He couldn’t meet his mother’s gaze, so he focused on his clasped hands in his lap. He wanted another beer but wasn’t sure he could walk straight to get to the refrigerator.

“I told you how, for the last couple of years, I’ve been doing therapy, right?”

She nodded.

“Well, I finally remembered something that happened back when I was a kid—around nine years old—that was really significant.”

His mother’s silence urged him on.

“Remember the summer dad broke his foot, and I went out with him to haul his lobster pots?”

Ellen nodded. “How could I forget? That’s when his drinking started getting worse because he was so depressed about being handicapped. I reminded him it was only temporary, but it really set him back, you know?”

“I know,” Mark said, “but I never told you what he did to me one day when we were out, did I?”

His mother frowned. Sadness shaded her eyes as she shook her head, silently encouraging him to continue. Mark leaned back in his chair and heaved a heavy sigh. He was convinced the fishy smell clung to him, making his stomach churn.

“I always figured, when I grew up, I’d be a lobsterman like pop, you know? Wasn’t really any other choice, it seemed. He was a lobsterman just like grandpa was, and I was a lobsterman’s son. I never doubted that I’d take over his job, setting my traps in the same places he set his.”

Mark picked up the empty beer bottle and began rolling it back and forth between his hands. He winced as the memory of that day grew sharper in his mind.

“One of the first days we were out together, it was right after a storm, I remember, because the sea was running high. Well, one of his lines had gotten fouled up with someone else’s. ‘Willow’ Johnson’s, as I recall. There was a real danger the rope would get tangled up in our propeller. While I was hauling in the line, because the rough sea was tossing the boat around, I had to lean over the side of the boat.
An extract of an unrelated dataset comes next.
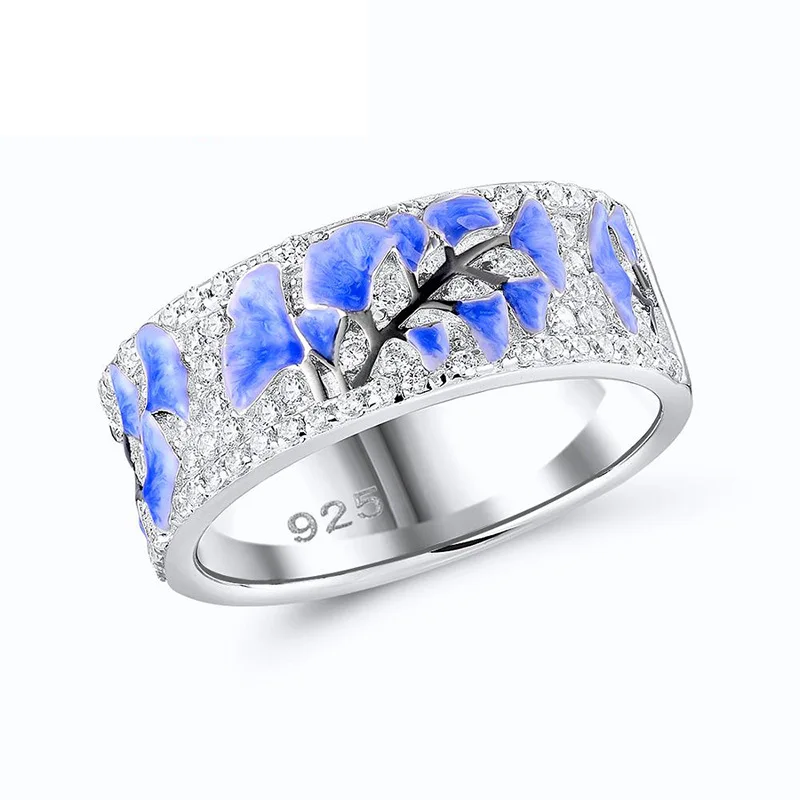 

HML&High Quality Blue White Flower Epoxy Rings For Woman Blue White Cubic Zirconial Rings Fashion Jewelry Gift Wedding Party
I was trying my best to unfoul the ropes while pop held the boat steady, heading into the swells, but I was scared that, with each rising wave, I’d pitch head-over-heels over the side of the boat and into the water.”

“Lobstering’s a dangerous job sometimes, no doubt about that,” Ellen said mildly. “Fact is, I had more ‘n a few arguments with your father about how I thought you might be a little too young to be out there with him, working as hard as that.”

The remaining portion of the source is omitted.